Tutors and students want the same thing: higher scores. But they disagree about how to get there. Students want to get every question right. Tutors want information. And this usually means that we want students to get a lot of questions wrong.
As I mentioned in The Great Candy Hunt, we have a search problem. The student doesn’t know what’s on the test. The tutor doesn’t know what a student knows. So you have to work together to find high-value questions – the ones that show up a lot on real tests, that the student hasn’t mastered yet, but could learn fairly easily.
But how do you find these questions? Conversations can provide clues, but nothing is more informative than a wrong answer. When a student answers “8/5” to the question “What is the slope of a line perpendicular to 8x + 5y = 7?,” I know a lot more than I would if she told me she wasn’t comfortable with the concept of slope. Once I know she needs help with this specific variation, I can teach it very quickly, and it won’t take much work for her to maintain it. But I have to know she needs help with it.
So we actually want students to miss a lot of questions. And this raises an interesting puzzle: if students didn’t mind getting questions wrong, what would be the optimal percent correct on a homework assignment? Not 100% – then they wouldn’t find many new ones. Not 0% either – that would mean they weren’t keeping the recently-learned questions fresh. Paradoxically, the more talented the student, the lower the optimal percentage, because they don’t need as many repetitions to reinforce previously learned material. Whatever number you think is best (most tutors fell between 50-70% when I ran a poll earlier this year), it’s certainly much lower than the percentage students are used to on tests in school, which is at least 85% in most classes.
In any case, my puzzle is irrelevant, because students hate getting questions wrong. They don’t like the feeling, first of all. But they find the rest of the process unpleasant too: dwelling on why the mistake happened, running through various ways to prevent it, then having to practice this same question type in various forms multiple times so that they don’t miss it again. A wrong answer basically equals ‘low score’ and ‘more work,’ both of which are unappealing.
And yet, wrong answers are the key to improvement! You can’t correct errors if you don’t know they exist. But if you do find them, then you can correct them. And there aren’t that many question types on these tests. The same skills show up over and over. In fact, they have to – otherwise, it wouldn’t be a standardized test. If you methodically seek out these errors, neutralizing them one by one, the testmakers will eventually run out of questions that surprise you.

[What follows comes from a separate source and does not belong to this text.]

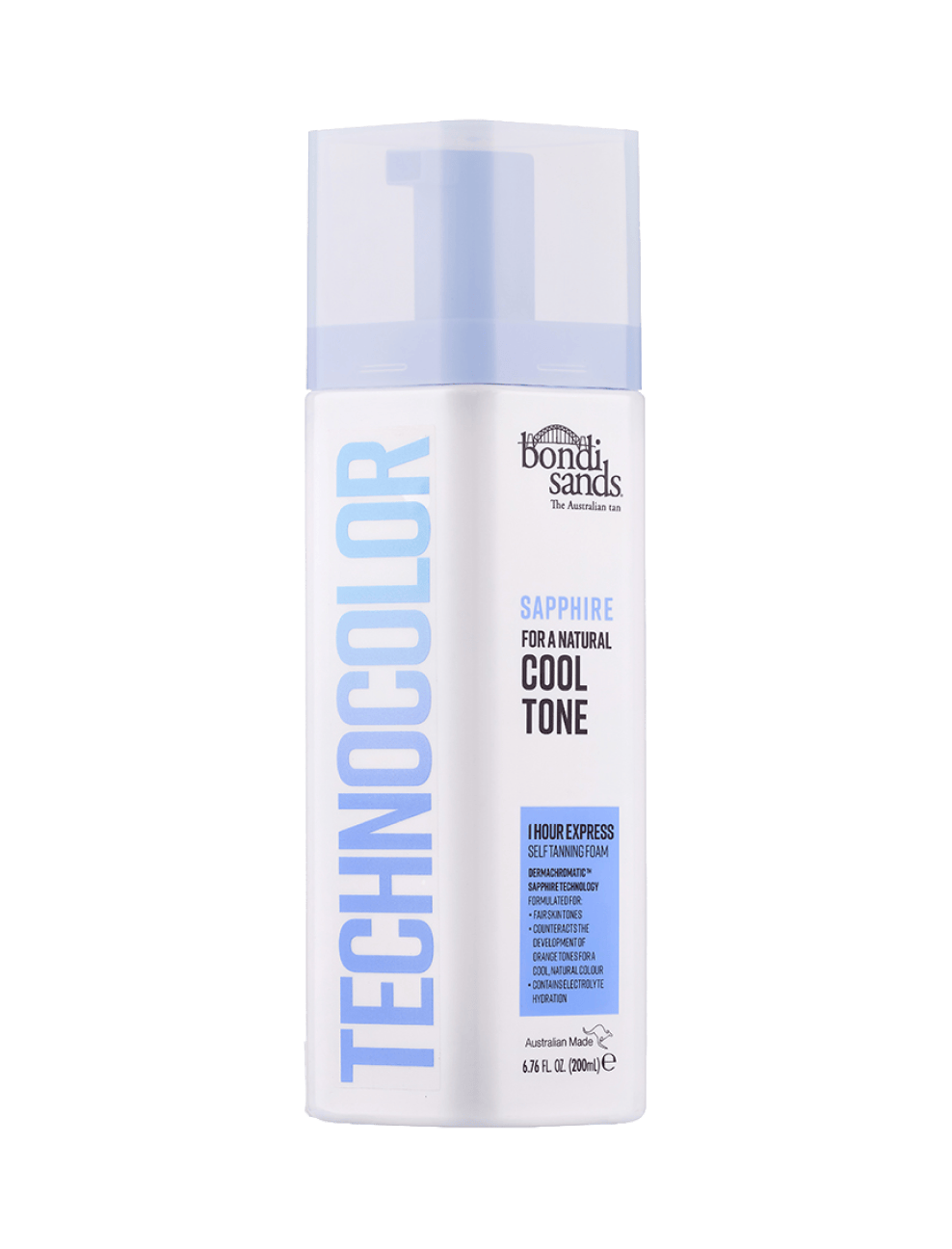 A bottle of BondiSandsEU Sapphire Technocolor 1 Hour Express Self Tanning Foam provides a natural cool-toned glow, featuring blue and black text on white with a light blue pump.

Getting students to understand this, to be excited about this, is yet another strange but incredibly important aspect of tutoring. It’s not content. It’s not a test-taking strategy. It’s not a motivational speech. But the students who improve the most are the ones who learn to get excited by mistakes. They ask about questions they guessed on, even if they got them right. They star questions on Mathchops, so that they can come back to them. They read explanations on questions that took longer than usual, to see if there is a better solution. They want to practice with the hardest tests, and to redo the hardest questions from old tests.
How do you help students reach this state? I won’t pretend that all of my students get there, but here are some things that have helped:
Never get frustrated by wrong answers. In fact, you should be excited if you’re seeing a new mistake from the student.
Explain your assignments. Why should they do it? Share your vision frequently, so that students can see for themselves how they’ll reach their goals.
Make the homework as efficient as possible. Students hate busywork. Nothing kills motivation like irrelevant questions.
Celebrate small victories. For example, let’s say they missed a question a few times on Mathchops, then started getting right, and then a version of it showed up on their practice test and they got that one right too. That’s a win! Make sure they realize that their hard work paid off.
Don’t lecture just because they got something wrong. Small mistakes happen. If they understand it, move on. Nobody (especially a teenager) wants to hear you go on and on about a mistake they already fixed.
Please add your own in the comments below!
This is what I tell my students. I prep them with "I'm hoping to get some great wrong answer here" before getting into the challenging problems. Then I congratulate them on helping by getting some wrong allowing for a great teaching moment.